- _Excerpted data_
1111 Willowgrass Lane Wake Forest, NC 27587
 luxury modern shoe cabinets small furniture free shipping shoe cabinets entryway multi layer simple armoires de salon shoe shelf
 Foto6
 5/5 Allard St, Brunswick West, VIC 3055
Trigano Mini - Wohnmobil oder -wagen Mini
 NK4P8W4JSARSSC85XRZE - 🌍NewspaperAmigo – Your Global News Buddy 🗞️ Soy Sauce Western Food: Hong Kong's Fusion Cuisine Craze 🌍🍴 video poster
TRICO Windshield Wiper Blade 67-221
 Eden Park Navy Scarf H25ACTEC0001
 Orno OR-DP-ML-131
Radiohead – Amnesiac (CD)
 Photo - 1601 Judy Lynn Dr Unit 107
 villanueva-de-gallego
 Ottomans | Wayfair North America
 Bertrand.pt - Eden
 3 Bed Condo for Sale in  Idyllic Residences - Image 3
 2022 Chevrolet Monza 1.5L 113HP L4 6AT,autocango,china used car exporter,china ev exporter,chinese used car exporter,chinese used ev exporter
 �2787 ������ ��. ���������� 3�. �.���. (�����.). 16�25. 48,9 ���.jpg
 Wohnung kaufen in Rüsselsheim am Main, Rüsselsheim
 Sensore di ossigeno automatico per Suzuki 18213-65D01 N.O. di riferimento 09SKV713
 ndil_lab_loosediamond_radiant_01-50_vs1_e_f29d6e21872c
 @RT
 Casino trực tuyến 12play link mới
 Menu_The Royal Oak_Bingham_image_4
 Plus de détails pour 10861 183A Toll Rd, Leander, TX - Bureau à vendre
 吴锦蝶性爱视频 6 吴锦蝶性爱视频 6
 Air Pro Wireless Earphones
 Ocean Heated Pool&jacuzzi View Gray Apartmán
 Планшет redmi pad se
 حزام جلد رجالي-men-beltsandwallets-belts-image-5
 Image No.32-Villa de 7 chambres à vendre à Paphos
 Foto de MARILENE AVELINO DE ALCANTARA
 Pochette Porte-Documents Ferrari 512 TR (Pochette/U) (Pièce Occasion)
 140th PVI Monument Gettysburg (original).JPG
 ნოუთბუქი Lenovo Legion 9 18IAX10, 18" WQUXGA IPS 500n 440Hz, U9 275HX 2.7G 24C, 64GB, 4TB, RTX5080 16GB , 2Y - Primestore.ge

- _Task details_
Set down exactly the lines from the start of the records to the line with "حزام جلد رجالي-men-beltsandwallets-belts-image-5". Include that line, and add nothing more.

- _Answer section_
1111 Willowgrass Lane Wake Forest, NC 27587
 luxury modern shoe cabinets small furniture free shipping shoe cabinets entryway multi layer simple armoires de salon shoe shelf
 Foto6
 5/5 Allard St, Brunswick West, VIC 3055
Trigano Mini - Wohnmobil oder -wagen Mini
 NK4P8W4JSARSSC85XRZE - 🌍NewspaperAmigo – Your Global News Buddy 🗞️ Soy Sauce Western Food: Hong Kong's Fusion Cuisine Craze 🌍🍴 video poster
TRICO Windshield Wiper Blade 67-221
 Eden Park Navy Scarf H25ACTEC0001
 Orno OR-DP-ML-131
Radiohead – Amnesiac (CD)
 Photo - 1601 Judy Lynn Dr Unit 107
 villanueva-de-gallego
 Ottomans | Wayfair North America
 Bertrand.pt - Eden
 3 Bed Condo for Sale in  Idyllic Residences - Image 3
 2022 Chevrolet Monza 1.5L 113HP L4 6AT,autocango,china used car exporter,china ev exporter,chinese used car exporter,chinese used ev exporter
 �2787 ������ ��. ���������� 3�. �.���. (�����.). 16�25. 48,9 ���.jpg
 Wohnung kaufen in Rüsselsheim am Main, Rüsselsheim
 Sensore di ossigeno automatico per Suzuki 18213-65D01 N.O. di riferimento 09SKV713
 ndil_lab_loosediamond_radiant_01-50_vs1_e_f29d6e21872c
 @RT
 Casino trực tuyến 12play link mới
 Menu_The Royal Oak_Bingham_image_4
 Plus de détails pour 10861 183A Toll Rd, Leander, TX - Bureau à vendre
 吴锦蝶性爱视频 6 吴锦蝶性爱视频 6
 Air Pro Wireless Earphones
 Ocean Heated Pool&jacuzzi View Gray Apartmán
 Планшет redmi pad se
 حزام جلد رجالي-men-beltsandwallets-belts-image-5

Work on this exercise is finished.